Little did Freeport Historical Society trustee and volunteer Rebecca Hotelling know it, but when she interviewed Alden Grant Jr. last year for the exhibit on Freeport’s shoe-making industry, she was setting the stage for the upcoming exhibit on logging.

Grant is the son of Alden Grant Sr., whose paintings of logging scenes in the Rangeley area make up the Freeport Historical Society’s new show, “Logging In The Maine Woods, 1915-1928: The Paintings of Alden Grant.” Grant’s paintings – done from memory – are compiled in a softcover book of the same name. The eight-week show, which begins on Feb. 1 with an opening reception from 5-7 p.m., at the Harrington House on 45 Main St., is part of Freeport FebFest, a month-long celebration of the arts.

Hotelling was interviewing Alden Grant Jr. – owner since 1992 of the Nicholson Inn Bed & Breakfast, just a short walk from the Harrington House – for the just-completed exhibit, “Cobblers to Capitalists: Two Centuries of Freeport Shoemaking.” Grant told Hotelling stories about his father’s work in the shoe industry, including his time with Commonwealth Shoe & Leather Co. on Depot Street, in the mid-1950s.

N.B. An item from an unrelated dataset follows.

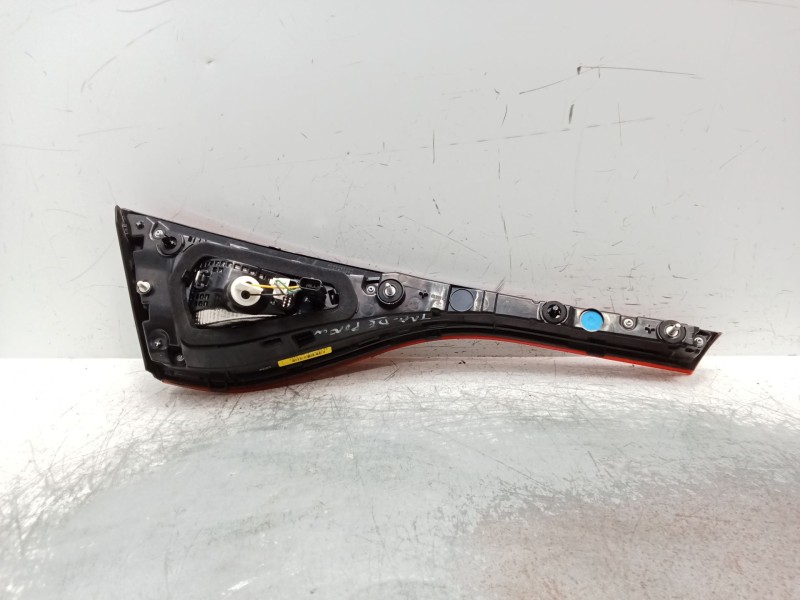 Recambio de piloto trasero derecho interior para renault arkana i (lcm_, ldn_) 1.6 e-tech 145 (ldmu) referencia OEM IAM 26550950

“That’s how she found out about his father’s paintings,” said Holly Hurd, collections manager for the historical society. “She went up to Rangeley at the Maine Logging Museum, and thought, ‘Wouldn’t it be wonderful if we could show these paintings at the Freeport Historical Society?’ This is a traveling exhibit. It’s not our exhibit.”

Hotelling said that the trip to Rangeley was rewarding.

“Herbie Welch was a famous taxidermist in Rangeley,” she said. “Alden Grant learned much of his skills from Welch at Kennebago Lake.”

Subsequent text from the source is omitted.